I recently became inspired to consider the connections between shame, guilt, humiliation, and degradation.
As my master is Jewish, and our oldest daughter is devout enough for High Holy Days, I attended Yom Kippur services with them both. The rabbi’s speech centered around two concepts, Shame and Guilt.
At one point he started labeling some things as shame, others as guilt. “The Jewish religion,” he began, and I stopped myself from finishing out loud, “is guilt.” As he said the words himself, he laughed. As did the audience of hundreds. Yes, we all knew the obvious.
But soon enough my mind wandered, as it is prone to do. Especially sitting in a three hour long service. I thought, improperly without a doubt, of an earlier conversation I had with a friend on the difference between our kinky interests, specifically two kinks each related to one of the former concepts. She was into humiliation. I, on the other hand, favored degradation in my play. The two, humiliation and degradation, are often conflated as kinks– but the reality is that they fall on opposite ends of their spectrum. She happily engaged me in conversation, as she, too, believed there to be a distinct difference between the two and liked that I validated her thoughts.
We spoke for some time, but, essentially, it boils down to the following:
Humiliation, like shame, is external.
Shame, the rabbi said, is about what others think about us. How we feel bad, because of what someone else says or thinks. I agree. Shame flushes our faces; a deep red, highly visible sign to others that we have been affected. We can’t help it. It is an automatic response to someone.
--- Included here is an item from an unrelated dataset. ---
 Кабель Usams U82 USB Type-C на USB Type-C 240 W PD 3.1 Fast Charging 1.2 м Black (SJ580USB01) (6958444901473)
Shame passes, but it is a strong emotion in the moment.
I am very much not into humiliation, because it is about embarrassment and I don’t like or want that. Being walked into a public space with every intention of People Looking at Me. A public thing. Someone commented once about some humiliation kink. It sounded hot, but in no way turned me on. It was not for me. Which is fine, not everything has to be for everyone. I am simply pointing out how unaffected I felt by the scenario, despite, as I will explain, my absolute need for degradation.
Degradation, like guilt, is internal.
It is perhaps unsurprising that I have had trouble with guilt my whole life. I take things and I turn them inward. Guilt is something private. “I feel guilty that I said something mean to my friend.” It doesn’t matter how the friend felt. Or if anyone knows. Maybe nobody does. But that guilt is ours. We feel it even if nobody else found out. Guilt lingers, sometimes roots in the deepest parts of our being. And it often becomes stronger over time.
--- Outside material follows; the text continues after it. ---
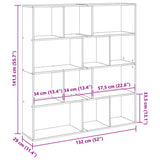 Book Cabinet Grey Sonoma 132x29x141.5 cm Engineered Wood 3310312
Degradation is not a public embarrassment, but very personal words (typically, I would say) designed to trigger us in specific and personal ways. Bitch. Sissy. Slut. Whore. Which words are dependent on the individual. Whore, for me, is a term of affection; “my sacred whore,” says my master. That is my own association. But I love to have him compare me to other women, tell me I’m useless, or that this all I’m good for.
Why? Who knows? I can’t explain it any more than many can explain kinks, but I need him to talk to me this way. Or someone. Even myself. I can play with myself for hours, even in pleasurable ways, but I won’t orgasm without them. Sometimes, when I’m pressed, I’ll insult myself. Maybe it’s weird, but it works for me. Perhaps it helps that I know he doesn’t mean it. Afterwards he is kind and gentle and reassuring, as he is in our daily lives. He assures me I am special and beautiful and how much he needs me in his life. It’s nice…after.
Of course some do experience both.
Are there, in fact, persons that exist that are into both? Of course. We can feel opposing feelings. Have you never felt excited and scared at the same time? If not, you surely know someone who has. Though I doubt many have not experienced such a common and simple scenario.
But I simply wanted to put forth, in as simple terms as I could, the very different worlds that each kink lives within. Please understand both whenever you approach someone into one or the other; and never assume they are into the opposite until they tell you explicitly.